[Task]
Every line from the top of the records through the one bearing "Shredly shorts size 4" is to be reproduced exactly, and pictures are to be left out.
/---
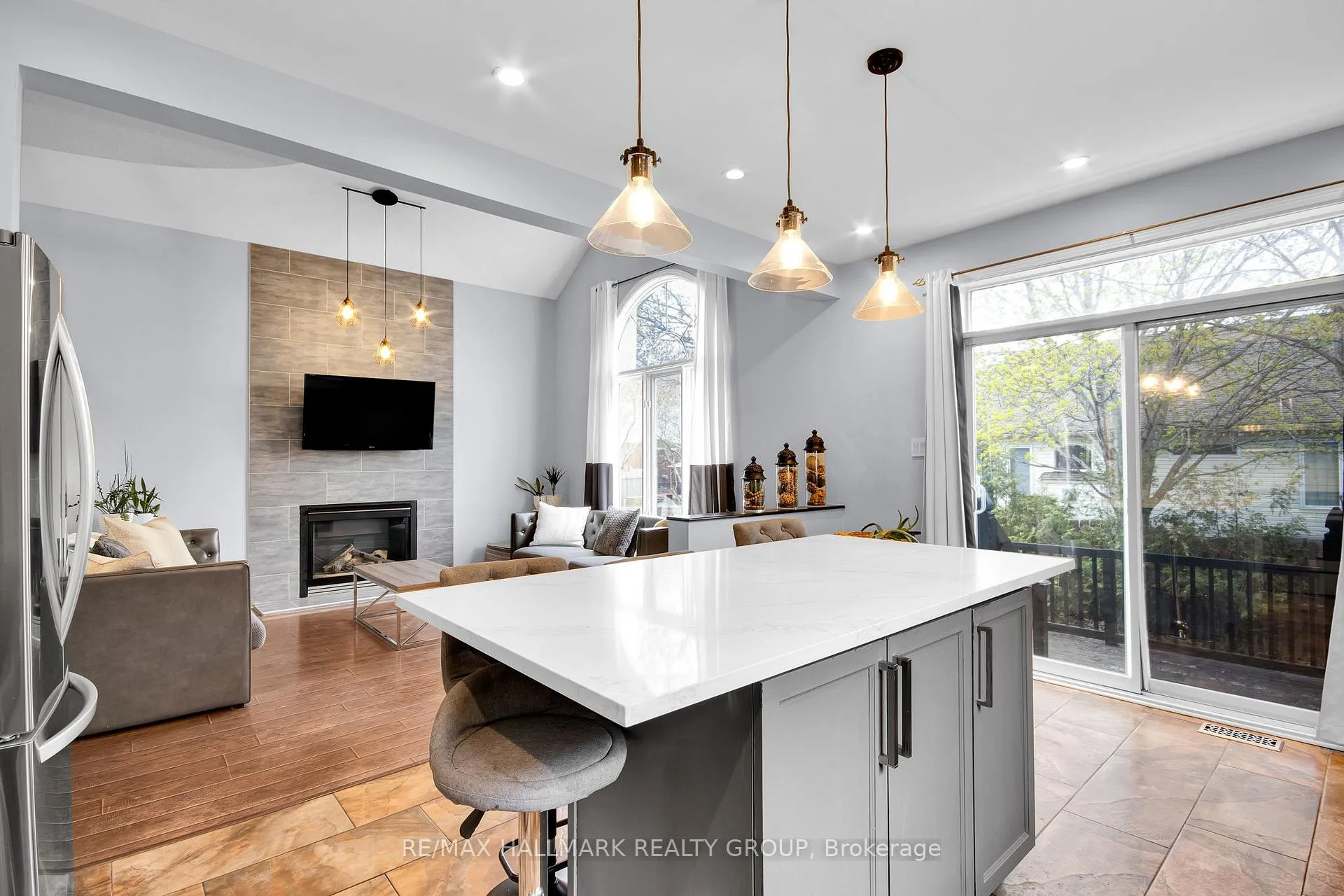 Photo 12 of 4362 Rainforest Drive, Ottawa, Riverside South/Gloucester Glen — HOMEH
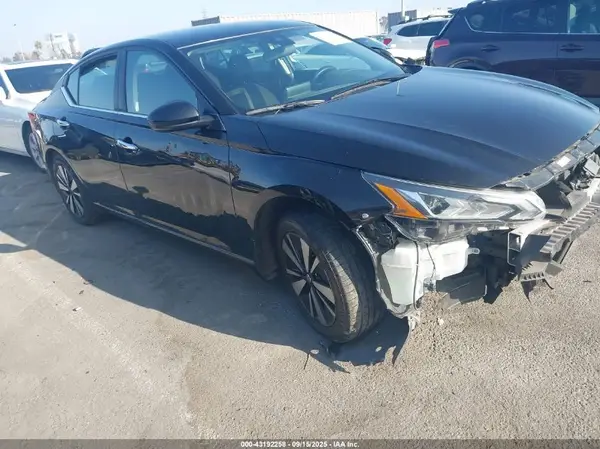 1N4BL4DV6NN349421 2022 NISSAN ALTIMA - Image 1
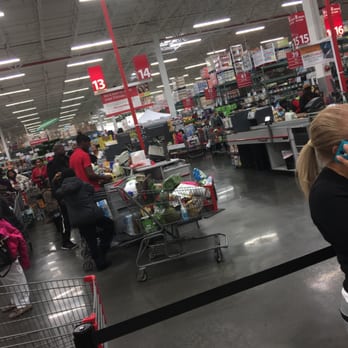 BJ's Wholesale Club - On a Wednesday night! Over 20 people per line!  That's nuts!! - Wholesale Stores Near Me - Brooklyn, New York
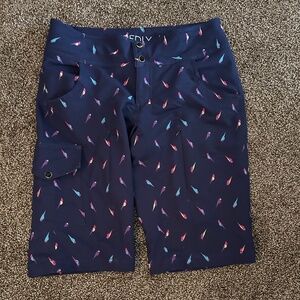 Shredly shorts size 4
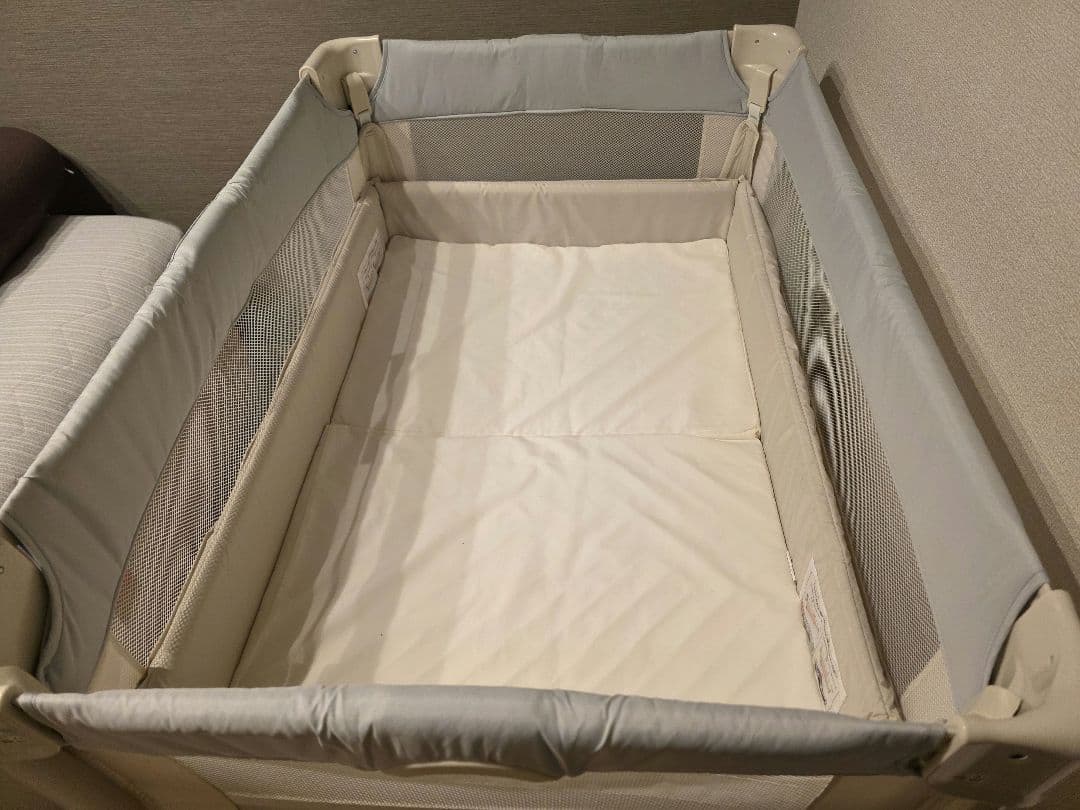 【美品】Aprica ココネルエアー AB ベビーベッド ホワイトグレー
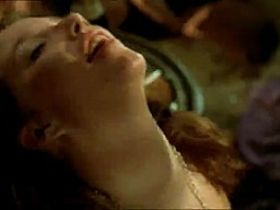 Преподаватель женской гимназии трахает своих учениц на уроке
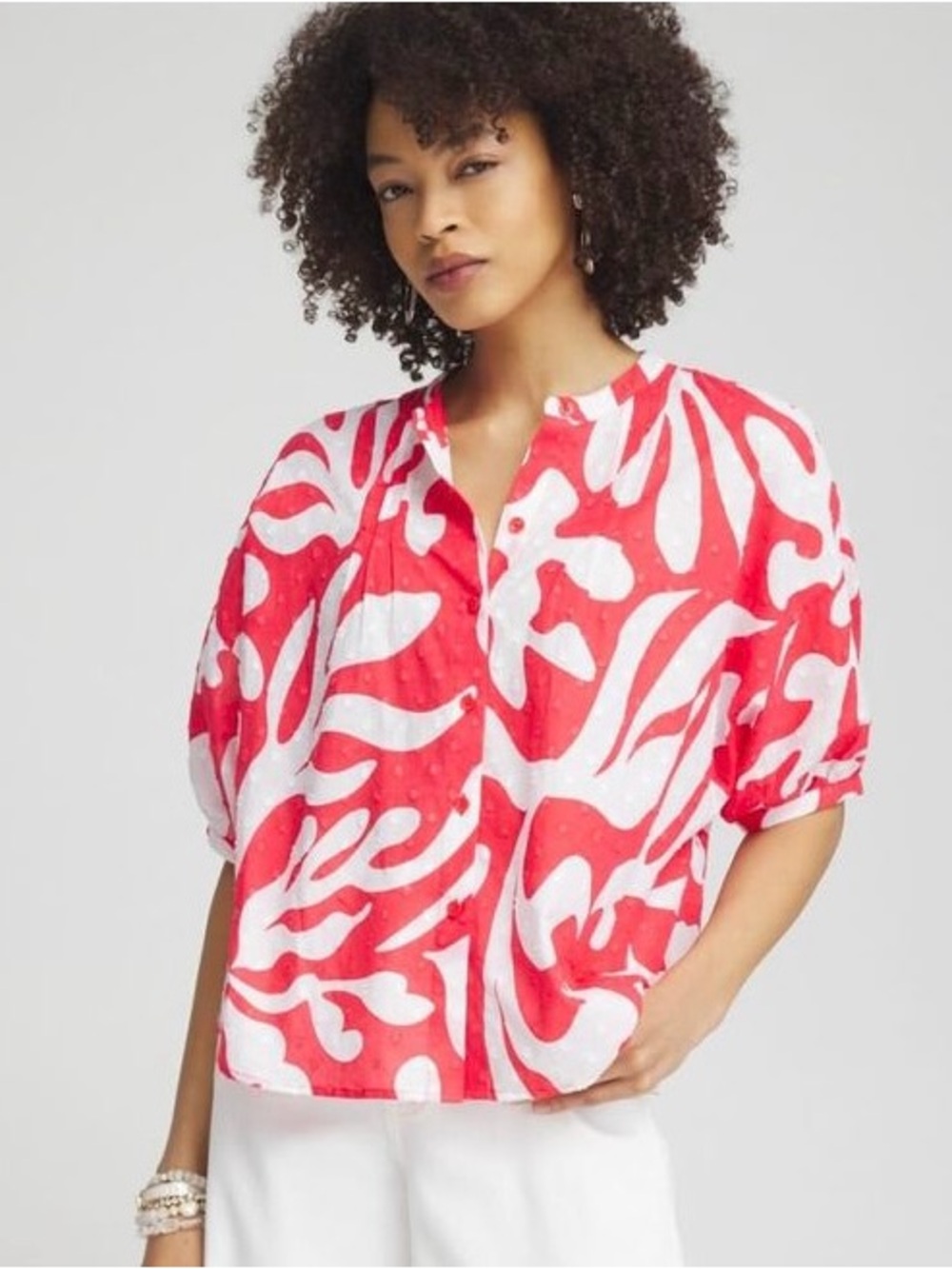 CHICOS No Iron Stretch Floral Button Down, Like New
\---
[Problem solution]
 Photo 12 of 4362 Rainforest Drive, Ottawa, Riverside South/Gloucester Glen — HOMEH
 1N4BL4DV6NN349421 2022 NISSAN ALTIMA - Image 1
 BJ's Wholesale Club - On a Wednesday night! Over 20 people per line!  That's nuts!! - Wholesale Stores Near Me - Brooklyn, New York
 Shredly shorts size 4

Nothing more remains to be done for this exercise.